住房分为政府投资主导的保障性住房(或公共住房),市场投资主导的商品化住房。压缩投资是压什么呢?压保障性住房则不利于解决低收入家庭的住房问题,增加社会矛盾。压缩商品房市场则削减了消费资金的投入。前者是一种政府的支出,后者才是居民储蓄的转化,尤其是如果作为投资项要压缩,作为消费项要支持,就可能形成政策的对立冲突。
更不可取的则是在投资、出口与消费三者的比例发展不平衡时,为防止投资的增长而压缩了住房消费信贷。让消费者的消费能力在降压投资的同时更多的减弱了整体的消费比重。
从历史上看,中国几十年的住房福利分配和房改价售房,都是一种保障。这部分住房在整体城市的存量中占有超过50%的比重,再加上公房出租与1998年之后新建的经济适用住房等房屋,其在城市存量中的总比重已超过了70%。
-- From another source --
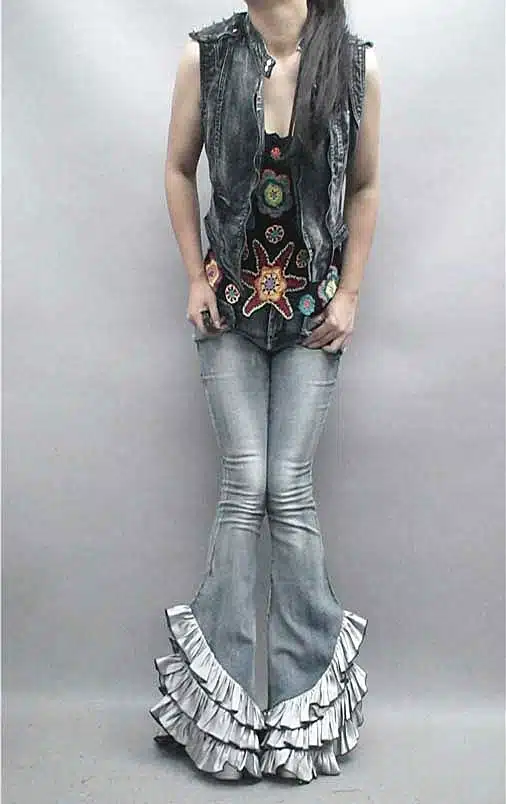 Free Shipping 2017 Fashion Long Jeans Pants For Women Flare Stretch Trousers Plus Size S-XL Denim European Ruffles Long Pants 17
与其他国家相同,政府所承担的住房建设基本解决了大多数城市家庭的住房问题。
问题在于新增城市家庭中、城市化高速发展中,社会保障性住房的比重下降了。自1998年之后,住房分配货币化改革的同时,忽视了这种保障性住房的建设比重,又恰逢中国从人口结构上看正是家庭分裂速度加快的周期,两者一少一多中使住房的矛盾更加突出了。
问题还在于并非国家保障的比重过低,而是原有的住房条件在日益增长的物质消费条件下太差了、太小了。在家庭人口增加时迫使人们不得不改善这些原为保障性的住房。
1958年,周总理在全国人大会议上提出的住房目标为“人均六、七、八平米”而奋斗,大城市以八平米标准为正常要求。当时的实际居住条件仅为“人均三、四、五平米”。1978年全国城镇住房面积人均低于1949年的水平,而今天全国的廉租房标准已提升为最低7.5平方米了(部分地区为10平方米)。可见当时为8平方米而奋斗的福利分房早已不能满足今天的发展速度,已从当时的最高标准变成了今天的最低标准了(日本1960年定为人均25平方米为住房困难户)。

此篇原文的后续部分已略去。